From the line with "Foto 2ª: Elevalunas" through the line with "Polo Shade Pendant", repeat the entries verbatim, both end lines included, and add nothing.

=== Recorded information ===

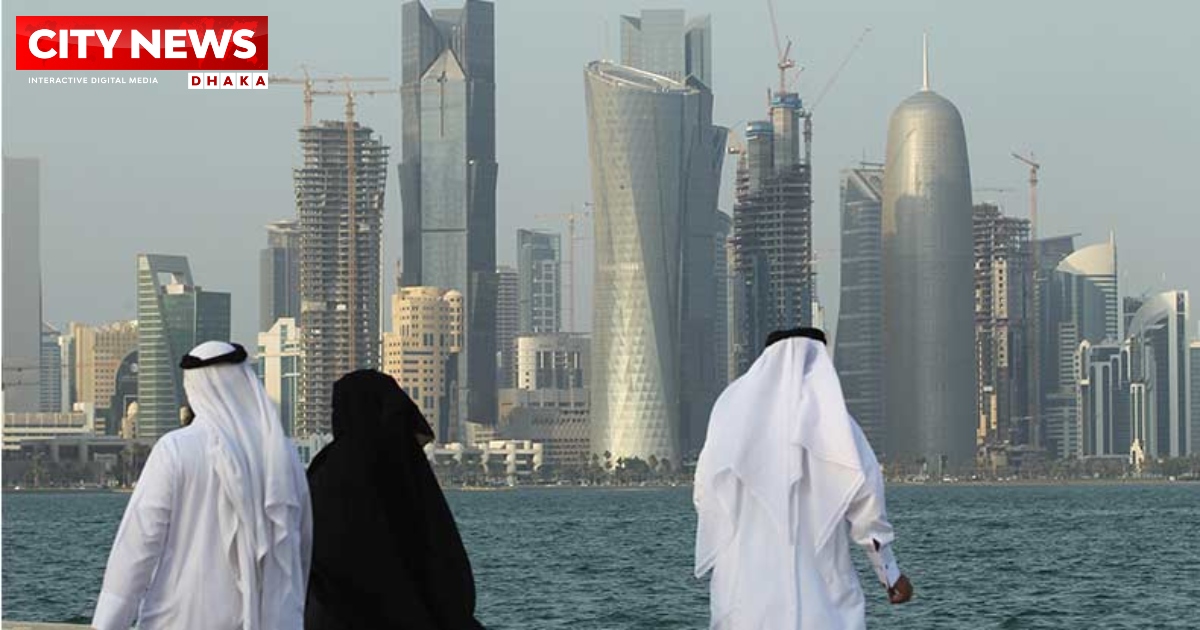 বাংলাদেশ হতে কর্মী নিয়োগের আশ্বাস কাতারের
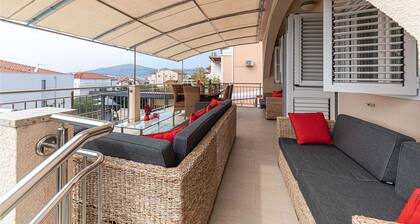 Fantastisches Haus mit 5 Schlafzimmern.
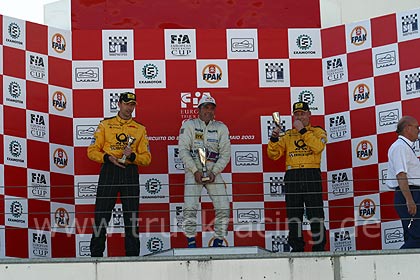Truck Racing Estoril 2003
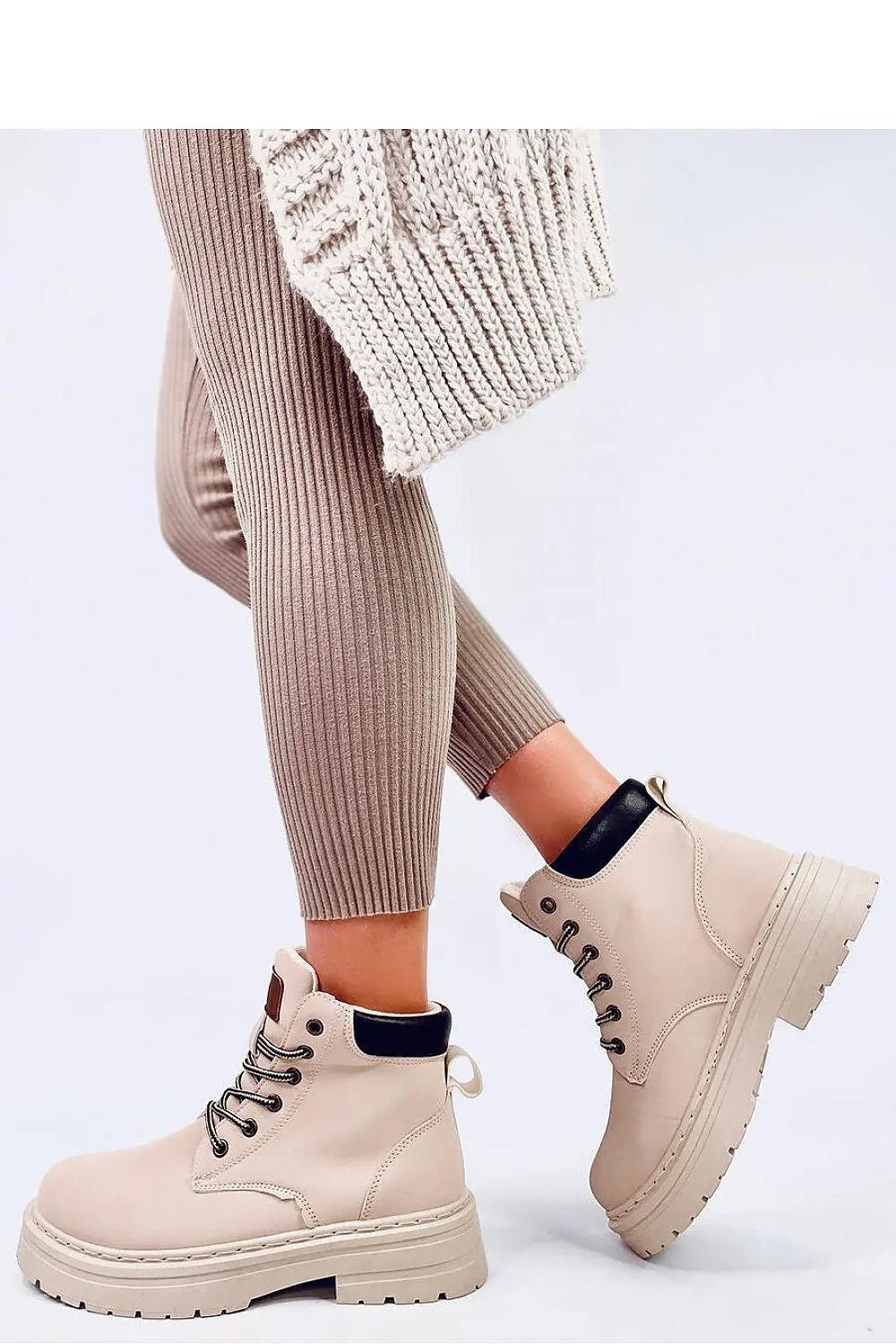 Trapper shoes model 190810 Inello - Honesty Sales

===
=== Recorded information ===

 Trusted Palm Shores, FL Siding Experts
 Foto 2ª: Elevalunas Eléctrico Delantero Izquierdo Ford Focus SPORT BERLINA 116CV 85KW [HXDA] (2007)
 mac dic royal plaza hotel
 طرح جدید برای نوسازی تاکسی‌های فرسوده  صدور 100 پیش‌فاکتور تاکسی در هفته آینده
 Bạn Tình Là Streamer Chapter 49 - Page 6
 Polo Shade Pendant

===

(Answer):
 Foto 2ª: Elevalunas Eléctrico Delantero Izquierdo Ford Focus SPORT BERLINA 116CV 85KW [HXDA] (2007)
 mac dic royal plaza hotel
 طرح جدید برای نوسازی تاکسی‌های فرسوده  صدور 100 پیش‌فاکتور تاکسی در هفته آینده
 Bạn Tình Là Streamer Chapter 49 - Page 6
 Polo Shade Pendant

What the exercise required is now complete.